Beginning at the line that contains "Now safety glasses" and finishing at the line that contains "I was actually", output the data below exactly. Include both end lines and no pictures.
*** Provided data ***
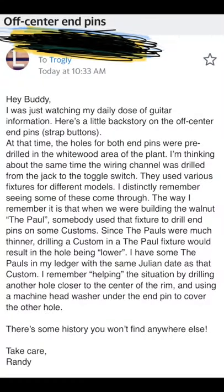Subscribe for more daily guitar shorts like this, and subscribe to my main channel for full-length videos.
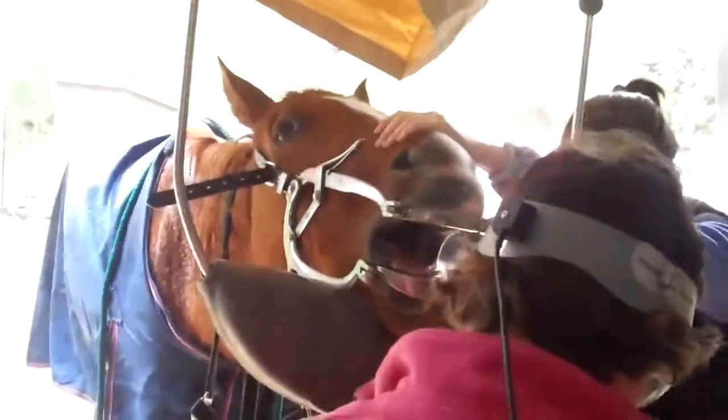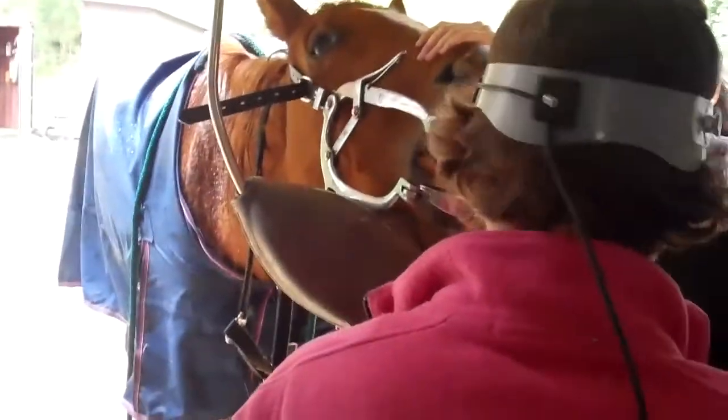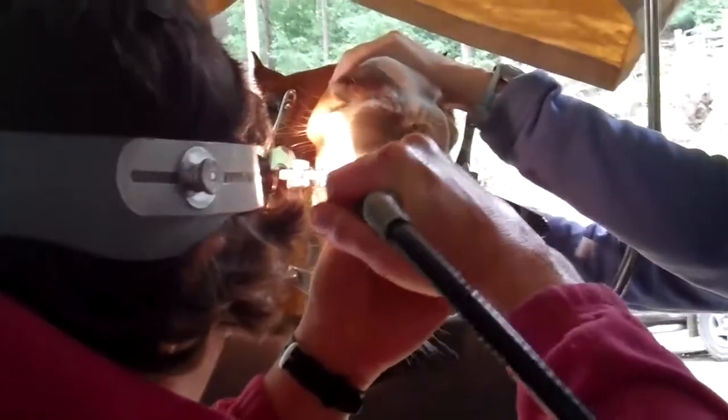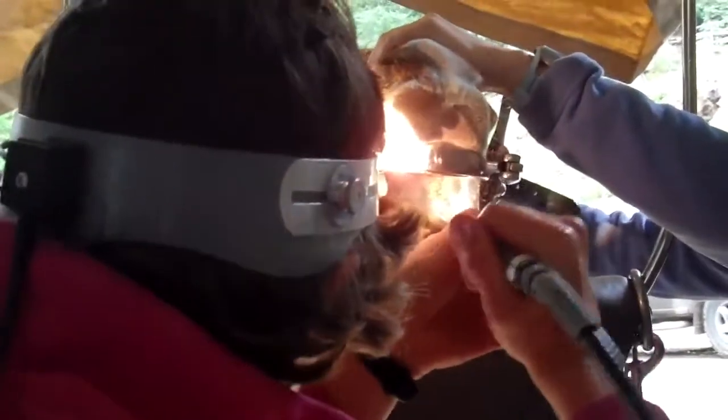Now safety glasses go on. This is our next test of sedation level. Zero. Good — doesn't seem to mind at all.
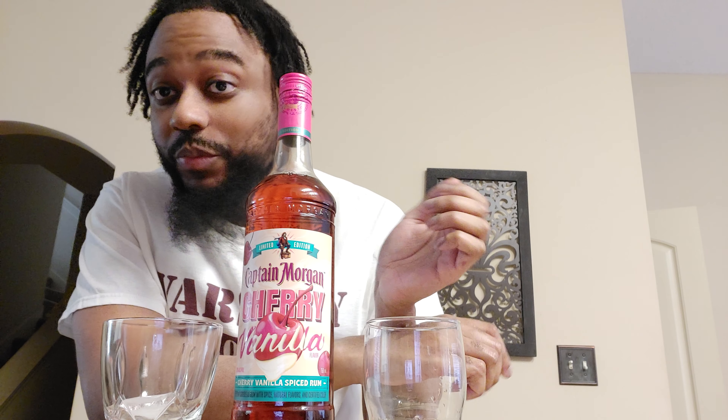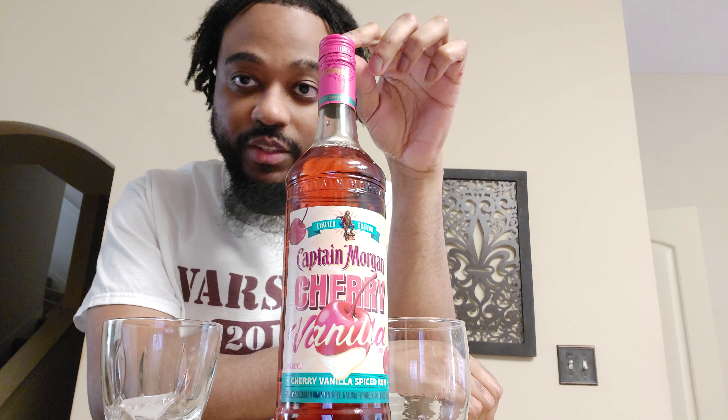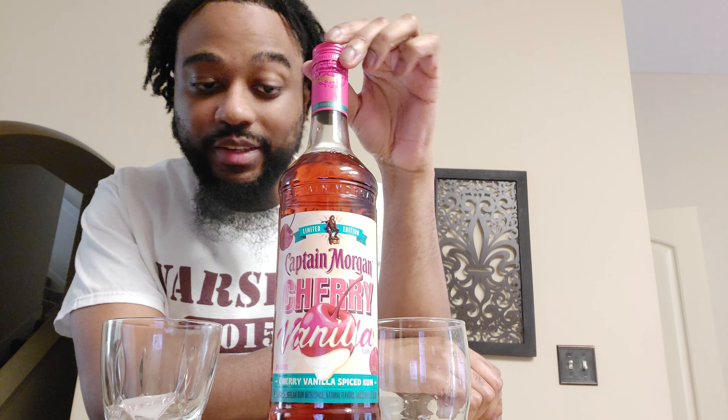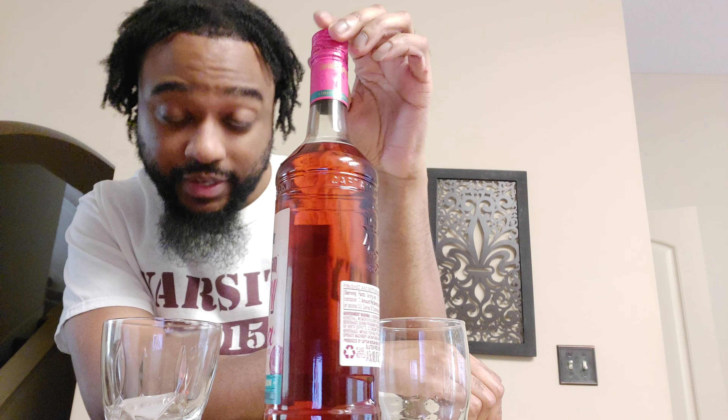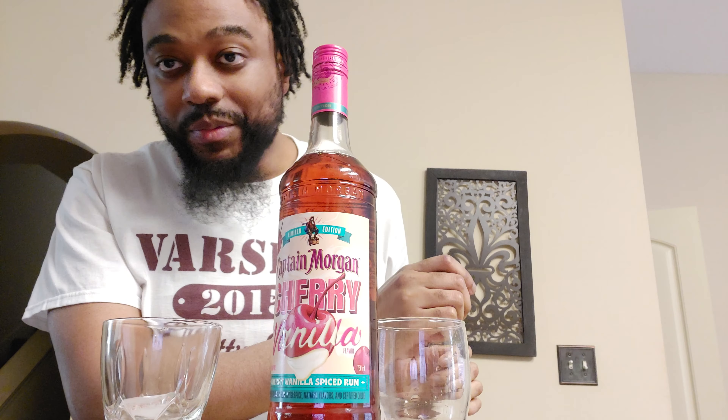I was actually looking for the P2 Cachaca. I couldn't find it in the store I usually go to — I think it may be in this other store, so I'm going to check for that later. But I went looking for the P2 Cachaca Rum and saw this for $14.99. So once I saw it for $14.99, I'm like, okay, something new, something different. It says limited edition, so hey, go ahead and try it out.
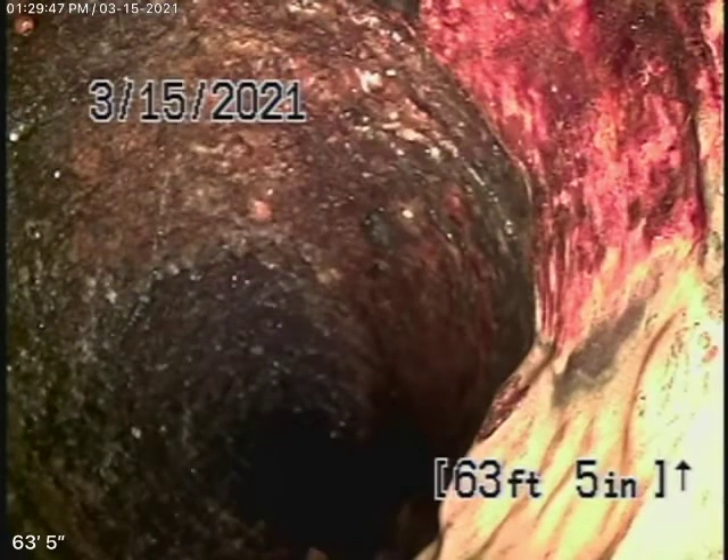We're here at 1169 Angela Drive in Beverly Hills. The only clean-out available to us was this 3-inch clean-out located in the basement of the house. You can pretty much stand up here. It's right behind the washing machine, the laundry room over here.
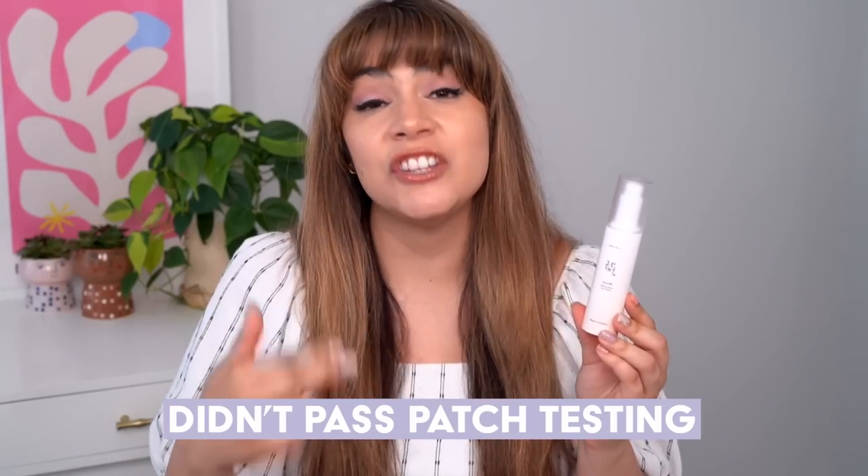Absolutely no white cast detected. But I have to say — I've been fairly positive about this sunscreen so far — this sunscreen really did not pass patch testing for me. Patch testing is super important for anyone trying new skincare, and it's absolutely vital for someone who has sensitive skin like I do.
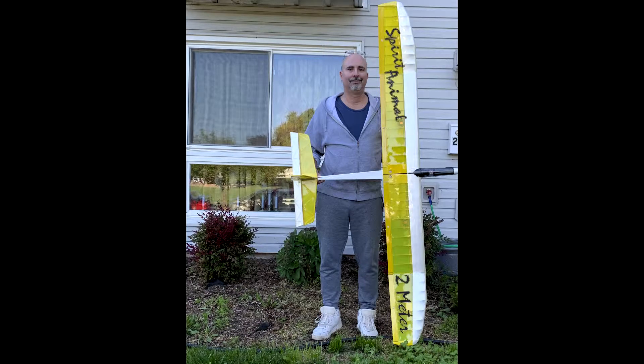Originally this is a two-channel kit — rudder and elevator. I added ailerons, flaps, designed new tail feathers to have a larger, more effective rudder, and converted the fuselage to power. With all those upgrades, I decided to rename it Spirit Animal.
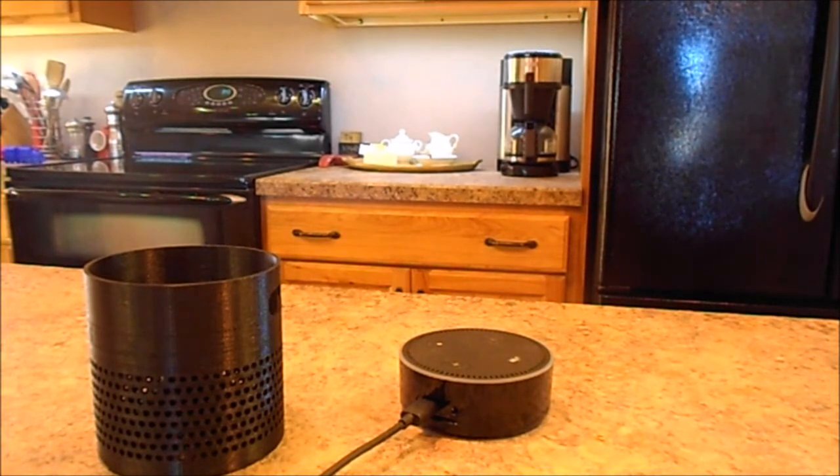Alexa, what's the weather currently in Marshalltown? It's 23 degrees with clear skies and sun. You can expect more of the same today with a high of 40 degrees and a low of 23 degrees. Now we'll put her in her skirt.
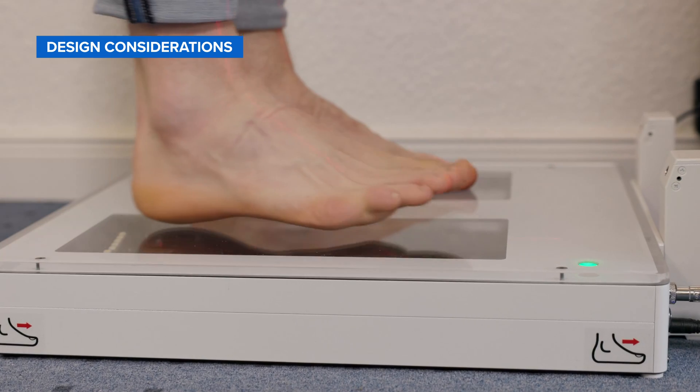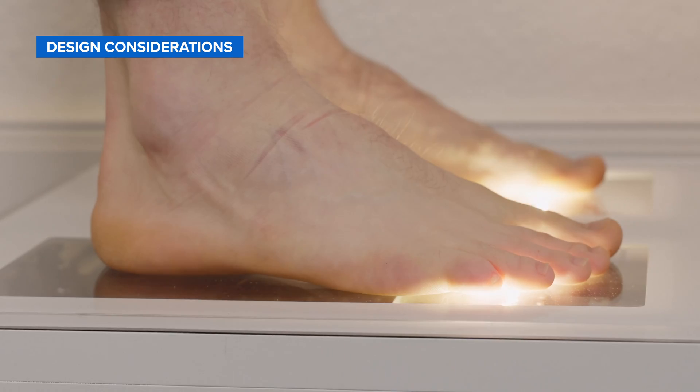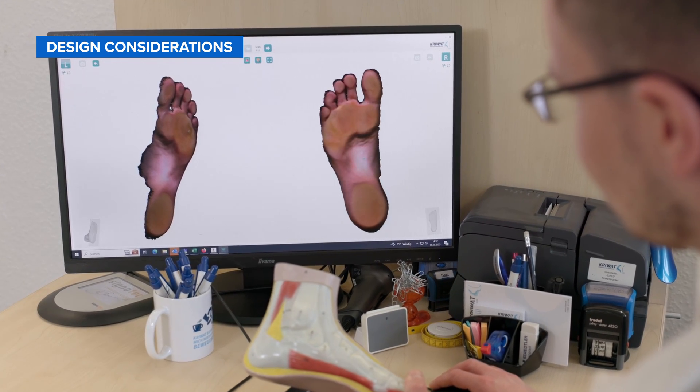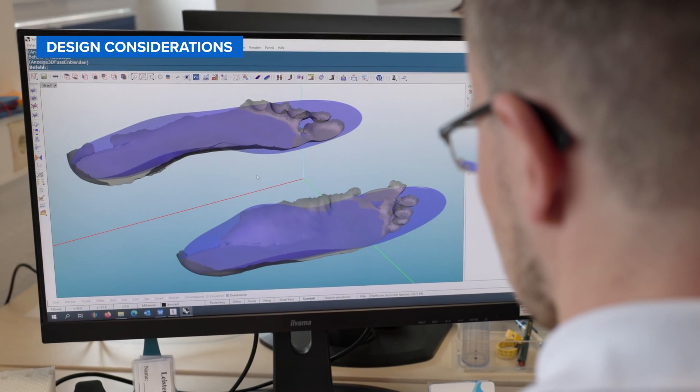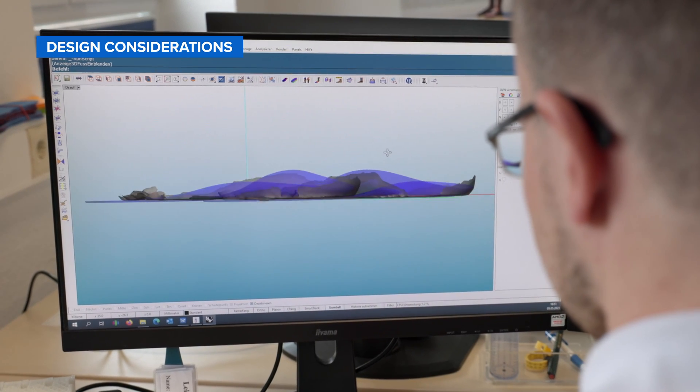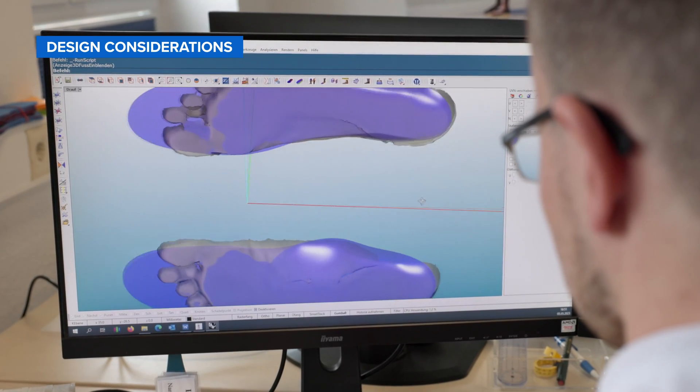The design process generally follows two steps. Image capture, or scanning, is the process of generating a three-dimensional image of the patient-specific anatomy. With this digital file, you can begin to design your insole shell using a variety of software options. If you are unfamiliar with these options, our team would be happy to help you get started.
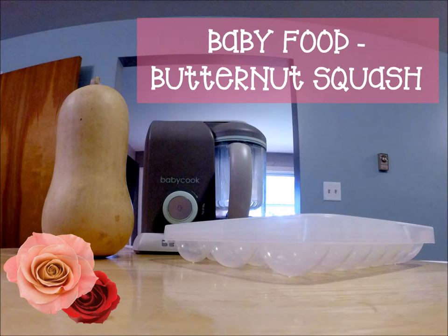Hey guys, so I just wanted to do a video on me making my butternut squash for Kylie. I did bake it instead of steaming it, but here is the process that I went through for making my butternut squash.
*** End of Provided data ***
- **Exercise output**
Now safety glasses go on. This is our next test of sedation level. Zero. Good — doesn't seem to mind at all.
I was actually looking for the P2 Cachaca. I couldn't find it in the store I usually go to — I think it may be in this other store, so I'm going to check for that later. But I went looking for the P2 Cachaca Rum and saw this for $14.99. So once I saw it for $14.99, I'm like, okay, something new, something different. It says limited edition, so hey, go ahead and try it out.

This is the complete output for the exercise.